Try adjusting the height and width arguments so the tree is cleary visible, then explore clusters of infection by zooming in and out and moving the tree around. Drag nodes around to improve clarity if need be. Hover your mouse over the nodes to get more information, single-click on a node to highlight its subtree and double-click on a node to collapse it. Set ttree_shape = 'rectangle' if you want a tree with right-angled edges. For more info, see ?vis_ttree.

q <- plot(cons_tree,
          method = 'ttree', ## show timed tree
          x_axis = 't_inf_est', ## use 't_inf_est' column for x_axis
          edge_color = "support", ## color edges by posterior support
          edge_col_pal = support_pal, ## specify color palette 
          node_size = 'R_i', ## node size reflects R_i
          ## edge_label = "support", ## not showing for readability
          ## node_shape = "gender", ## not showing for readability
          ## shapes = c(m = "male", f = "female"), ## specify shapes
          width = 1000, ## adjust to improve readability
          height = 1500, ## adjust to improve readability
          node_color = "outcome", ## color nodes by outcome
          hide_labels = TRUE, ## don't show node labels
          date_labels = "%d/%m", ## formatting date labels
          axis_type = 'double', ## show two axes
          col_pal = outcome_pal, ## specify color palette
          node_order = 'subtree_size', ## order nodes vertically by subtree size
          reverse_node_order = TRUE, ## put large subtrees as the bottom
          ttree_shape = 'branching' ## 
          )
q

Are there any conclusions can you draw from these figures?
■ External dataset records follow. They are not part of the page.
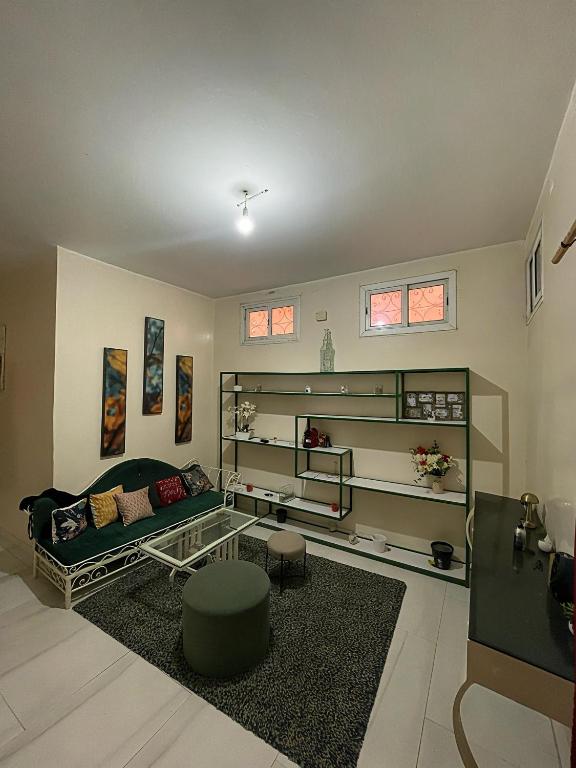 Ένα ή περισσότερα κρεβάτια σε δωμάτιο στο Khady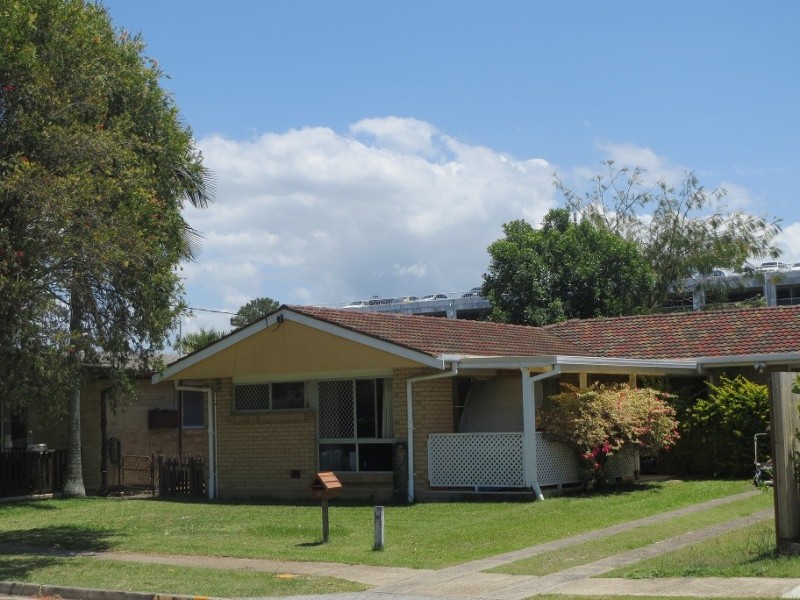 10 Matina Street, Biggera Waters QLD 4216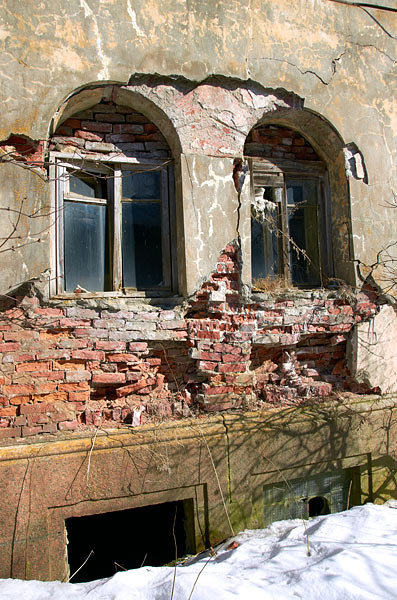 #36 - Fort's windows
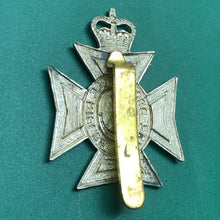 Load image into Gallery viewer, Genuine Canadian Army Cap Badge - Brockville Rifles - The Militaria Shop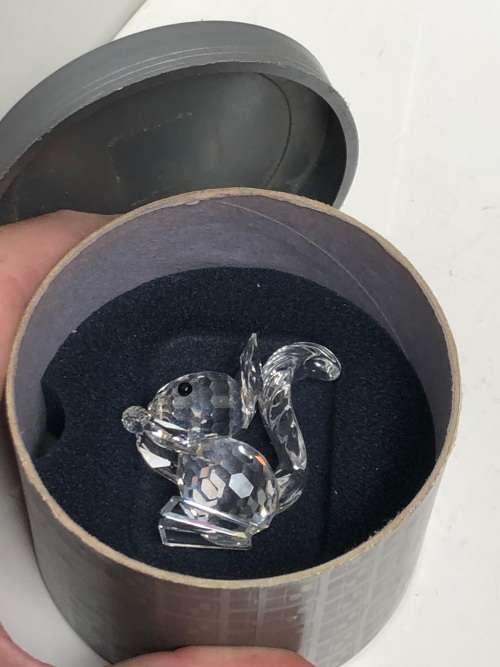 STUNNING RARE SWAROVSKI SILVER CRYSTAL SQUIRREL - EXQUISITE PIECE - DISCONTINUED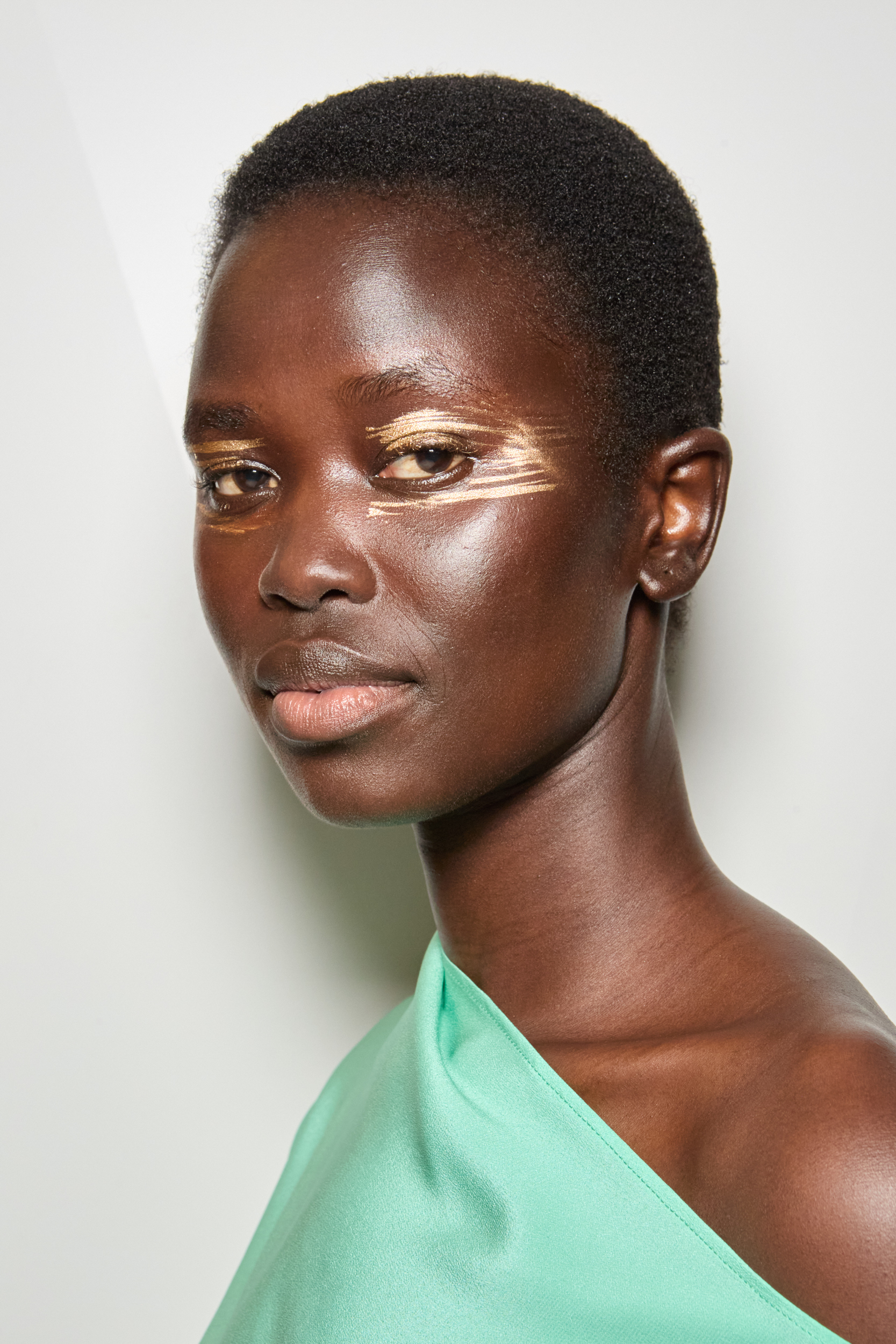 Lutz Huelle Spring 2025 Fashion Show Backstage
  • Perhaps some evidence for superspreading events (e.g. 11f8ea, 9f6884, 0f58c4, f547d6); these largely capture the patterns we saw in the contact data
  • No noticeable correlation with recovery status or gender (you can check this by colouring by gender or setting the shape to gender)
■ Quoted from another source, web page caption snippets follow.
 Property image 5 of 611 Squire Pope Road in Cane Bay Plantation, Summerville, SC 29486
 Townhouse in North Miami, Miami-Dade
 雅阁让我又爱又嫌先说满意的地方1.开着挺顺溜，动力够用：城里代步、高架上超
Now plot the consensus tree, but only including links with more than 30% posterior support:

r <- plot(cons_tree[, cons_tree$contacts$support > 0.3],
          method = 'ttree', ## show timed tree
          x_axis = 't_inf_est', ## use 't_inf_est' column for x_axis
          edge_color = "support", ## color edges by posterior support
          edge_col_pal = support_pal, ## specify color palette 
          node_size = 'R_i', ## node size reflects R_i
          ## edge_label = "support",## not showing for readability
          ## node_shape = "gender", ## not showing for readability
          ## shapes = c(m = "male", f = "female"), ## specify shapes
          width = 1000, ## adjust to improve readability
          height = 1500, ## adjust to improve readability
          node_color = "outcome", ## color nodes by outcome
          hide_labels = TRUE, ## don't show node labels
          date_labels = "%d/%m", ## formatting date labels
          axis_type = 'double', ## show two axes
          col_pal = outcome_pal, ## specify color palette
          unlinked_pos = 'middle', ## show unlinked nodes in the middle
          root_order = 't_inf_est', ## order roots by time of infection
          reverse_root_order = TRUE ## show earliest nodes at the top
          )
r

Do you think we can reliably answer the question of who infected whom in this outbreak? How can we improve our estimates?
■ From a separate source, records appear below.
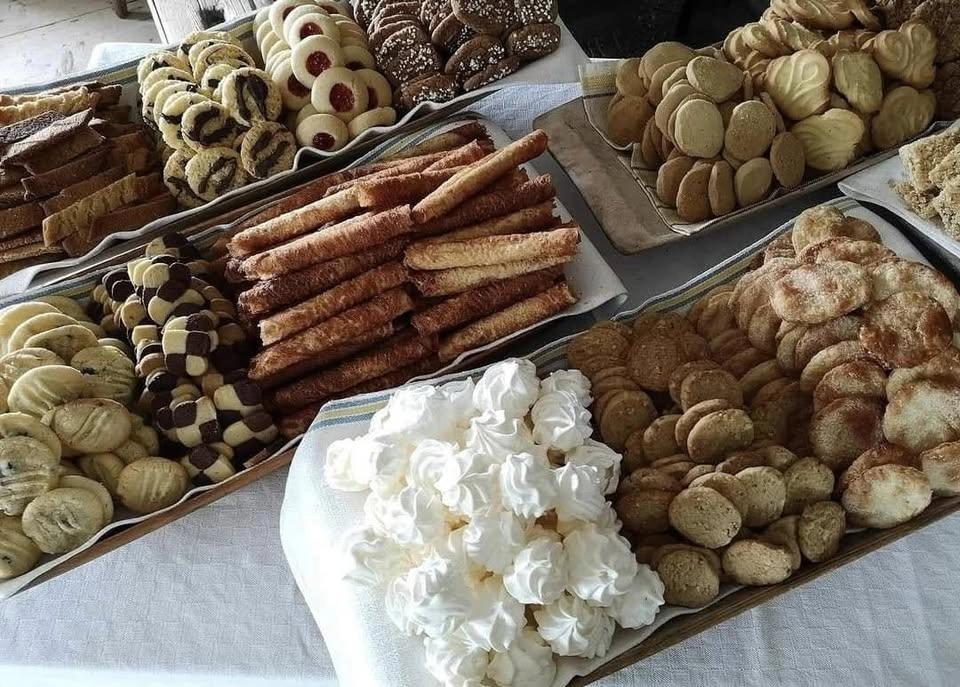 Midsommarfirande med krusbuffé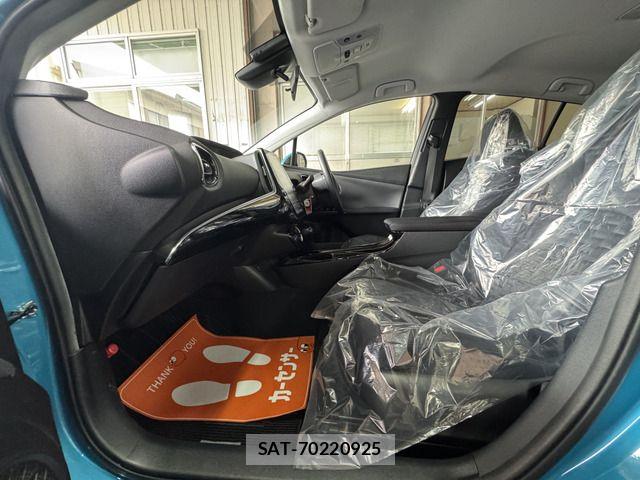 Toyota PRIUS PHV 2018-06 8881719-16
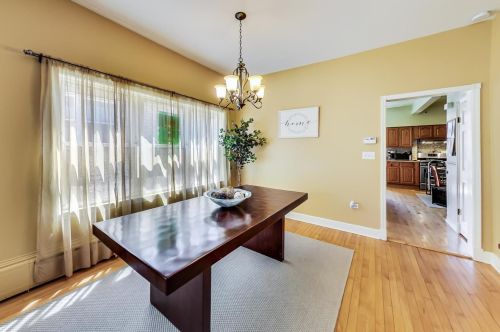 3436 Neenah Ave, Chicago IL 60638-1209 exterior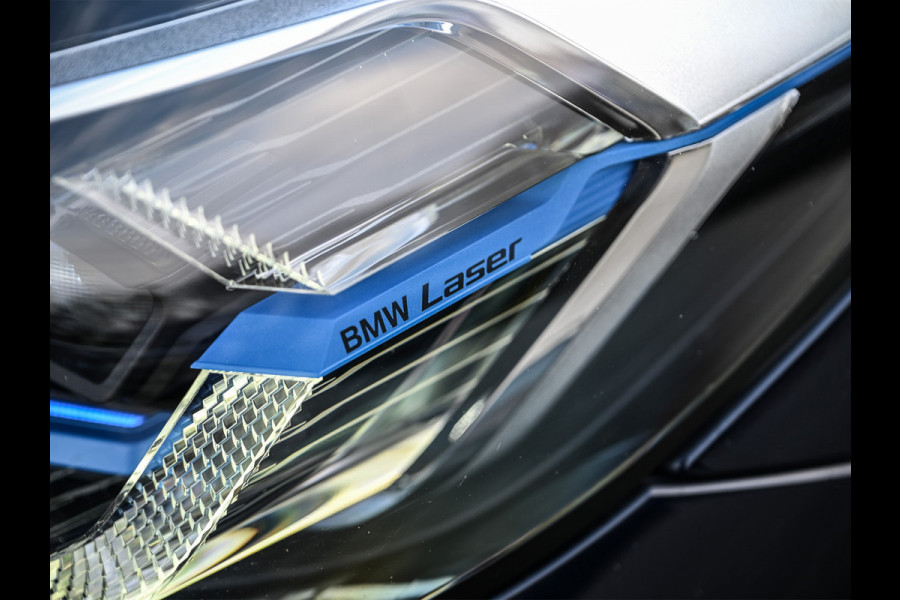 BMW X3 xDrive30e High Executive · M-Sport Pro · Comfort access · Head-up · Panoramadak · Adaptive cruise · Memory seats · Stuurverwarmi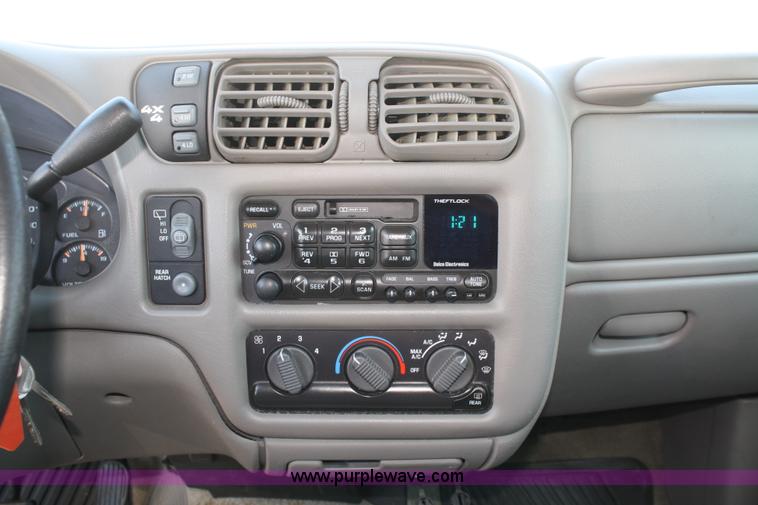 image for item A2086 2001 Chevrolet Blazer LS SUV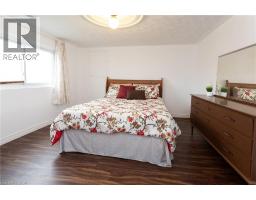 227 HAZELGLEN Drive - 25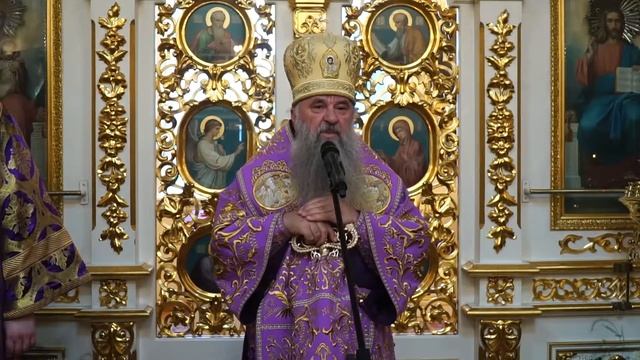 Божественная литургия в храме святого Димитрия Солунского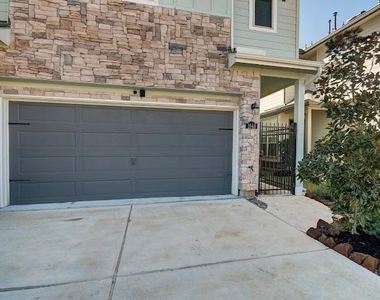 1646 Ryon Falls Drive - Photo Thumbnail 2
  • Though support for some ancestries is high, the overall outbreak is still not very well resolved — Especially the more recent cases are poorly resolved, which are of the most interest
  • More contact data would be useful (currently only have 60 reported contacts, whereas we already have genetic data and dates of sampling for all cases)
  • Integrate other types of data (i.e. location, covariates such as age, gender, occupation, etc.)